Note that there is also a short thread in the archivematica-tech group documenting an equivalent normalization rule using the headless libreoffice.
https://groups.google.com/d/topic/archivematica-tech/onaG67k3ADY/discussion
This wasn't immediately obvious to me, so for anyone else trying this I'll point out that the script linked above needs to be added as a normalization command in the FPR (with the relevant packages installed). The normalization itself working for me although I'm currently getting a verification error; I don't know if something needs to be adjusted in the script or if something is incorrect in the way I've configured the rule.

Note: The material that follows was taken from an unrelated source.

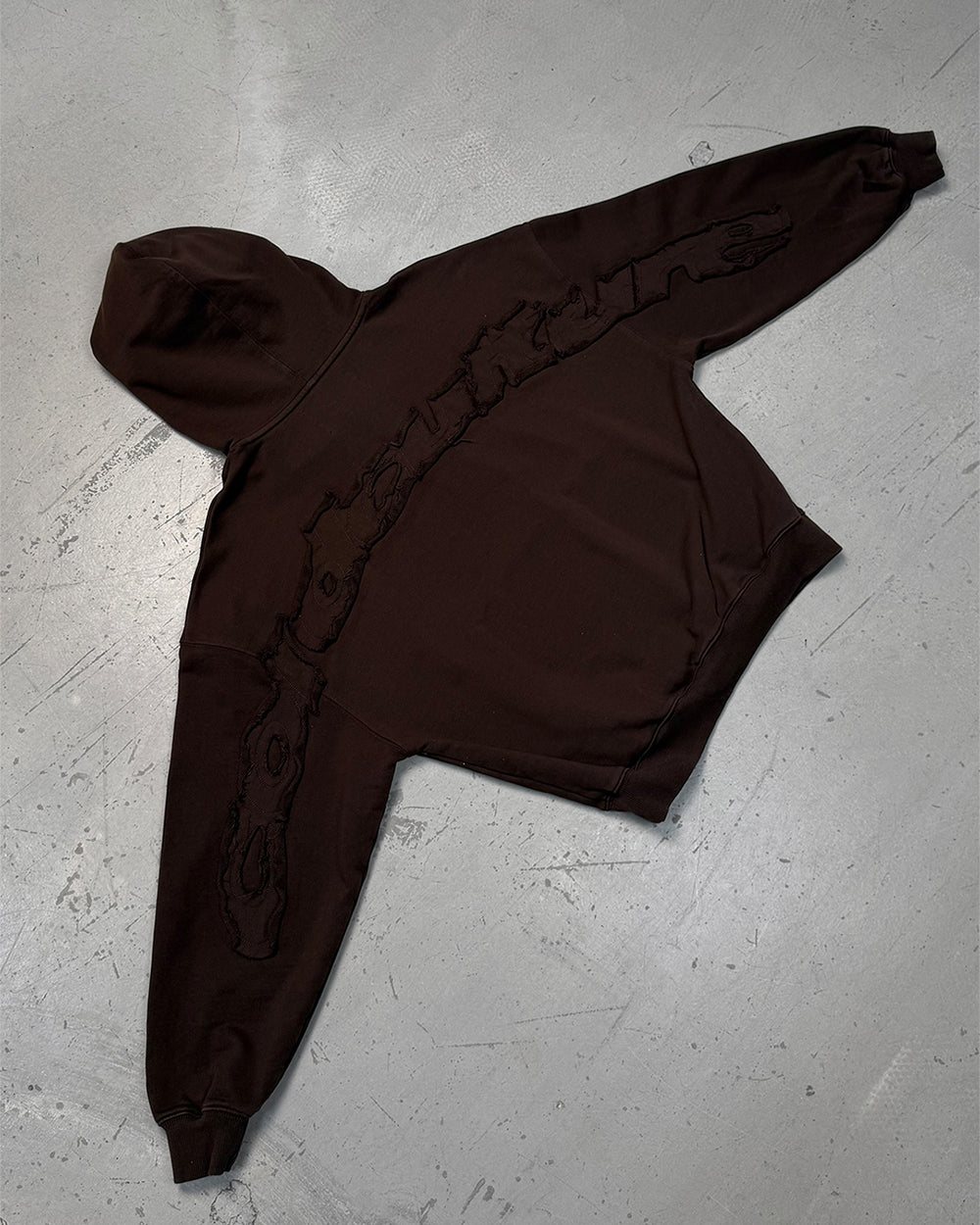 DISTRESS CURVED HOODIE BROWN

After some testing, I'm coming around to the view that having this as a default normalization rule for office documents would be worthwhile - you can always do manual normalization instead. In the spirit of "good enough" preservation ... the current alternative is to do nothing (and of course you still have the original).
I think the spacing issue is largely due to fonts (even if the Windows fonts are loaded), although it's not bad. Footnotes seem to be implemented with the LibreOffice default - roman numerals for endnotes; and the page number location also changes. The main problems I've come across are with older WordPerfect and Word formats:
- Word for DOS 5.x - via Archivematica (i.e. on linux), the headers and footers are garbled. I.e. more than an encoding problem, it's bringing in the document signature, stylesheet reference etc. On Windows these files are handled quite well, including with the command line. I'm assuming there's an input filter that could be used but so far I haven't had any luck.
- WordPerfect 4.2 - different encoding was used for (e.g.) line spacing, hyphens, centering. The hyphen is perhaps most problematic for readability... In this case the Windows version of LibreOffice has the same limitation. The WordPerfect 4.2 spec is documented, so in theory this could be improved through the LibreOffice libraries.
Tim